Marbled Chocolate Easter Eggs – how to make marbled Easter egg toppers for cakes and cupcakes using chocolate coating and cookie cutters. A new tutorial by our contributor Erin Gardner.
These marbled chocolate Easter eggs are a fun, easy, and delicious way to dress up a cake or cupcakes for your holiday brunch table. They look so impressive, but are way easier and faster to make than they appear. Don’t worry about having a steady piping hand! Anything wonky or wobbly will be smoothed over in the marbling process.
Create a similar look suited for any spring celebration by swapping the egg-shaped cutters for circles or flowers. Use my heating pad trick to keep the chocolate fluid and frustration to a minimum.
Here’s a video of the process, followed by the detailed instructions below. Enjoy!

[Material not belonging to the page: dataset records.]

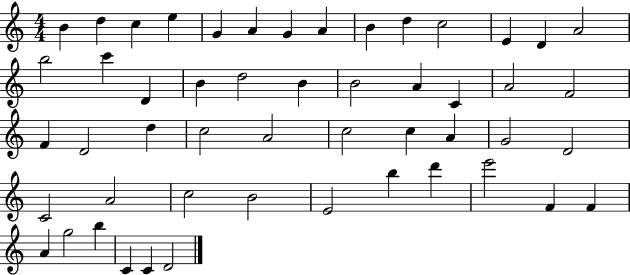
X:1
T:Untitled
M:4/4
L:1/4
K:C
B d c e G A G A B d c2 E D A2 b2 c' D B d2 B B2 A C A2 F2 F D2 d c2 A2 c2 c A G2 D2 C2 A2 c2 B2 E2 b d' e'2 F F A g2 b C C D2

MARBLED CHOCOLATE EASTER EGGS VIDEO TUTORIAL
MARBLED CHOCOLATE EASTER EGGS
a tutorial by Erin Gardner
Coating chocolate in assorted colors (or tinted tempered white chocolate)
Egg Cookie Cutters
Paper cones or piping bags
Heating pad, optional
Plug in the heating pad (if using) and turn it up to high heat. Cover the pad with a piece of paper towel. Top the paper towel with a sheet of foil.
Melt various colors of coating chocolate in heatproof bowls according to the package directions. I used pink, blue, white, green, and yellow, but you can use whatever colors you like. Fill piping bags or paper cones with each color. Store the piping bags under the foil on the heating pad to keep the chocolate fluid while you work.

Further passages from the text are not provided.